When AI/ML came onto the scene in the supercomputing community, common wisdom was that it could do much to augment HPC applications but it would be not be able to replace many of the computationally-intensive physics and simulation workloads. While that is still the case, there are some emerging areas that show just how big of a slice neural networks might take out of traditional simulations.
A recent example that caught our eye is from KTH Royal Institute of Technology in Sweden where a convolutional neural network paired with a multilayer perceptron network were able to prove out in comparison to traditional supercomputing simulations. This is not without some caveats, but it does show an expanding role for deep learning in scientific computing domains—even with physics-based simulations, which so many have said cannot, by their nature, have an AI angle given current limitations of neural network complexity and capability.
Here’s one of the reasons why this KTH example holds so much weight: the simulation in question is based on the particle-in-cell (PIC) method, which takes massive computational power and is used at scale on top supercomputers to get a better handle on nuclear fusion, astrophysics, laser/plasma interactions, and so on. These (often) Fortran-based approaches to plasma physics are at the heart of some of the largest-scale research programs on traditional HPC systems, which means any added efficiency is a big deal in terms of time to solution, cost of running the simulation, etc.
To test the success of the new PIC method using deep learning, a benchmark called two-stream instability was used. This measures the level of electrostatic instability in the absence of a magnetic field, in a very brief sense. The deep learning PIC method KTH researchers developed was able to produce accurate results in the benchmark, which used deep learning specifically in one step of the overall workflow—the electric field solver, which is, as they describe, a “simple prediction/inference step involving a series of matrix vector multiplications” which were offload to GPU.

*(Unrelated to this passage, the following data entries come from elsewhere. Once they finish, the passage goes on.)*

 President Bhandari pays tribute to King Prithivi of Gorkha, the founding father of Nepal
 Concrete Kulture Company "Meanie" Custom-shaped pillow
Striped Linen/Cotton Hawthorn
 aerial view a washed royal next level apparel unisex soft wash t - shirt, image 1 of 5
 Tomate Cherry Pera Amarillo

It is disappointing that there is not more detail about the computational performance differences but these can be inferred from the benchmark and understanding the relative expense computationally of each of the steps in the traditional versus AI/ML PIC method. Still, the results KTH did publish speak volumes about AI/ML can slice into traditional physics simulations.
To give a sense of how important the deep learning component is to this new PIC approach, they add that “traditional PIC methods require a linear system that involves more operations than the prediction/inference step” and that “an additional advantage of the DL electric field solver is that it does not need communication when running the DL-based on distributed memory systems as all neural networks can be loaded on each process.”

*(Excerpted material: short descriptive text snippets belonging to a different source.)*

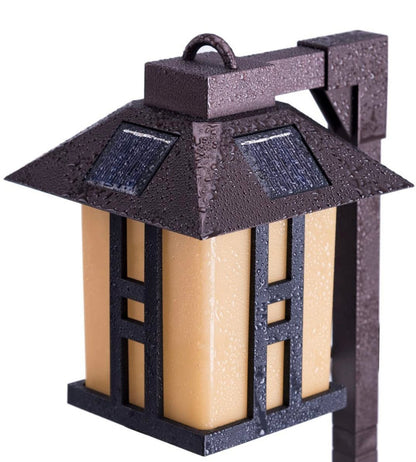 SmartYard Solar Powered Pathway Shepherd Hook Lights Asian Style (4 Pack) - Outdoor Solar Outlet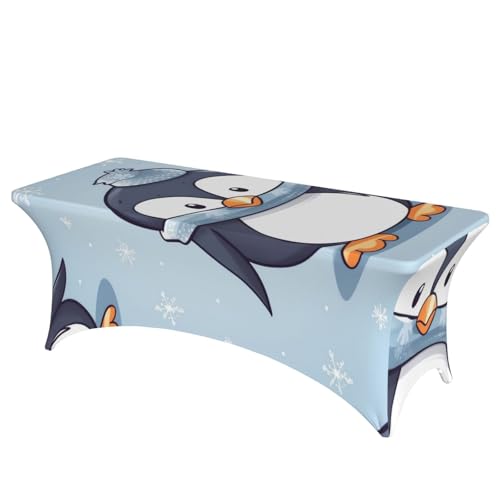 BSCKKDMN Spandex-Tischdecken, dehnbar, knitterfrei, waschbar, universal, rechteckig, für Geburtstagsparty, Hochzeit, Bankett, niedlicher Pinguin, 1,8 m BSCKKDMN Spandex-Tischdecken, dehnbar, knitterfrei, waschbar, universal, rechteckig, für Geburtstagsparty, Hochzeit, Bankett, niedlicher Pinguin, 1,8 m von BSCKKDMN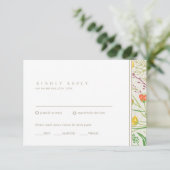 Wildflower Wild Meadow Outdoor Wedding RSVP Kaartje (Staand voorkant)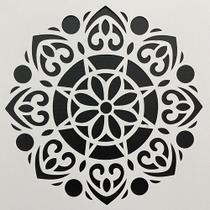 Stencil Gabarito Mandala Circular Revestimento De Parede 3d - LuJP Decorações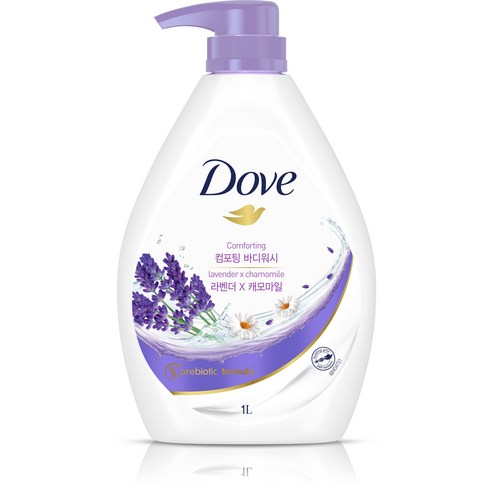 도브 라벤더 하이드레이션 바디워시 라벤더향, 980ml, 3개
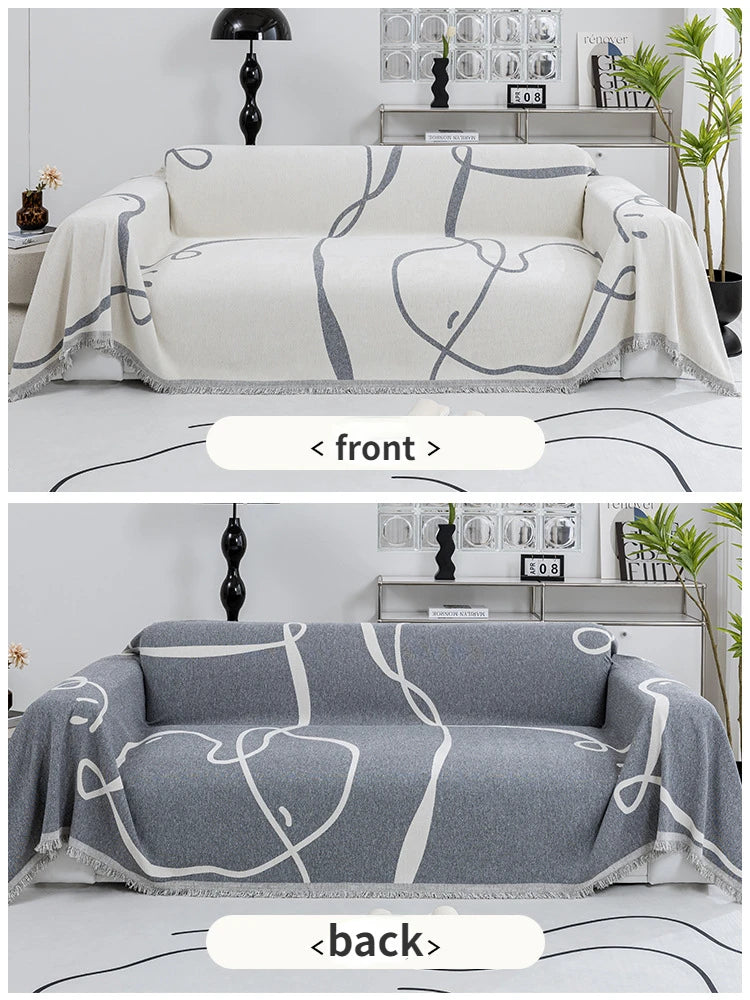 Universal dustproof chenille sofa throw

Even though on first glance below it looks like the traditional method has the most streamlined workflow, each segment is highly iterative—many thousands of passes, making it computationally expensive and time-consuming.
Below is the deep learning workflow, which looks more complicated but in fact eliminates many of the time-consuming iterations via a CNN and a multilayer perceptron network.
“This work is only the first step towards the integration of DL techniques in PIC methods. DL-based PIC methods can be improved in several ways. For instance, more accurate training data sets can be obtained by running Vlasov codes that are not affected by the PIC numerical noise. In this work, we use the NGP interpolation scheme for the phase space bidding. The usage of higher-order interpolation functions would likely improve the performance of the DL electric field solver as it would mitigate numerical artifacts introduced by the binning,” the authors say.
“The experiment used a node with two 12-core Intel E5-2690V3 Haswell processors. The computational node has 512 GB of RAM and one Nvidia Tesla K80 GPU card, also used in the training of the networks. The neural networks are implemented using TensorFlow  and Keras. On such a system, the training of the MLP network and CNN take approximately 18 minutes and 2 hours, respectively.”
Aside from the new method, the real story here is that as physics-informed neural networks (PINNs) become more sophisticated, work like this can have potentially game-changing impacts on the compute resources required. For much of what happens in scientific computing, high levels of accuracy are needed—something that PINNs are targeting in multiple areas, even though it’s still early days. This work did not use PINNs but the authors say that doing so would “improve the conservation of total energy and momentum and the performance of the DL-based PIC method.”
We are watching several examples of PINNs and more generalized AI/ML approaches find a way into traditional HPC simulations. Sometimes it’s as simple as denoising images for simulations, other times the neural networks are doing heavy lifting in a full replacement, although these cases are still quite rare except for a few examples in weather and CFD.
It’s nonetheless important to keep tabs on where AI approaches are going for HPC as it will change the nature of the systems that are deployed at the largest centers. We’ve already seen a large move to GPUs over the last several years, more recently due to AI/ML requirements. But trends like this could also set the stage for more special-purpose AI accelerators designed to do a pared-down, AI-specific version of what GPUs do now.